H. Michael Krimbill has served as a director of our general partner since August 2007. Mr.
Krimbill has served as a director of Seminole Energy Services, LLC, a privately held natural gas
marketing company, from November 2007 to February 5, 2010. Mr. Krimbill was the president and chief
financial officer of Energy Transfer Partners, L.P. from 2004 until his resignation in January
2007. Mr. Krimbill joined Heritage Propane Partners, L.P. (the predecessor of Energy Transfer
Partners) as vice president and chief financial officer in 1990. Mr. Krimbill served as president
of Heritage from 1999 to 2004 and as president and chief executive officer of Heritage from 2000 to
2005. Mr. Krimbill also served as a director of Energy Transfer Equity, the general partner of
Energy Transfer Partners from 2000 to January 2007.

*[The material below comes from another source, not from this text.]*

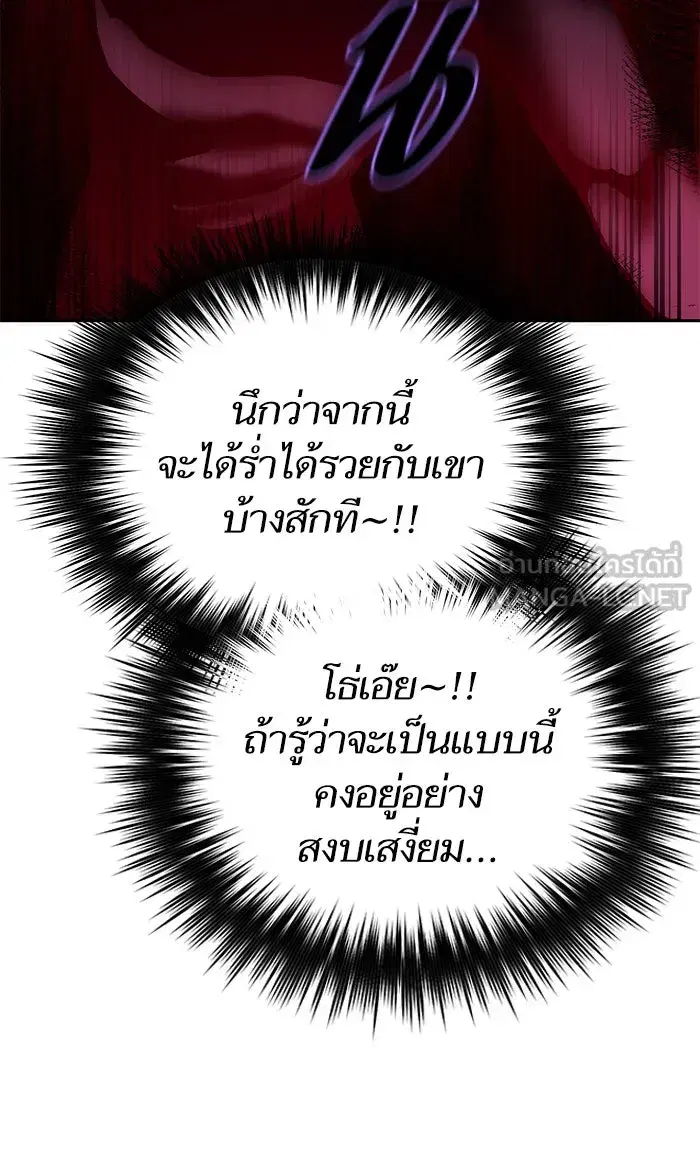 The S-Classes That I Raised (My S-Class Hunters) ตอนที่ 57 หน้า 63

Bill Z. Parker has served as a director of our general partner since August 2005. Mr. Parker
has served as a director of Laredo Petroleum L.L.C., a privately held independent oil and gas
producing company, since 2007. Mr. Parker served as a director for Latigo Petroleum, Inc., a
privately held independent oil and gas production company, from 2003 to May 2006, when it was
acquired by POGO Producing Company. From April 2000 to November 2002, Mr. Parker served as
executive vice president of Phillips Petroleum Companys worldwide upstream operations. Mr. Parker
was executive vice president of Phillips Petroleum Companys worldwide downstream operations from
September 1999 to April 2000.
Alice M. Peterson has served as a director of our general partner since September 2005. Ms.
Peterson has served as the chief ethics officer of SAI Global since April 2009. Since 2000, Ms.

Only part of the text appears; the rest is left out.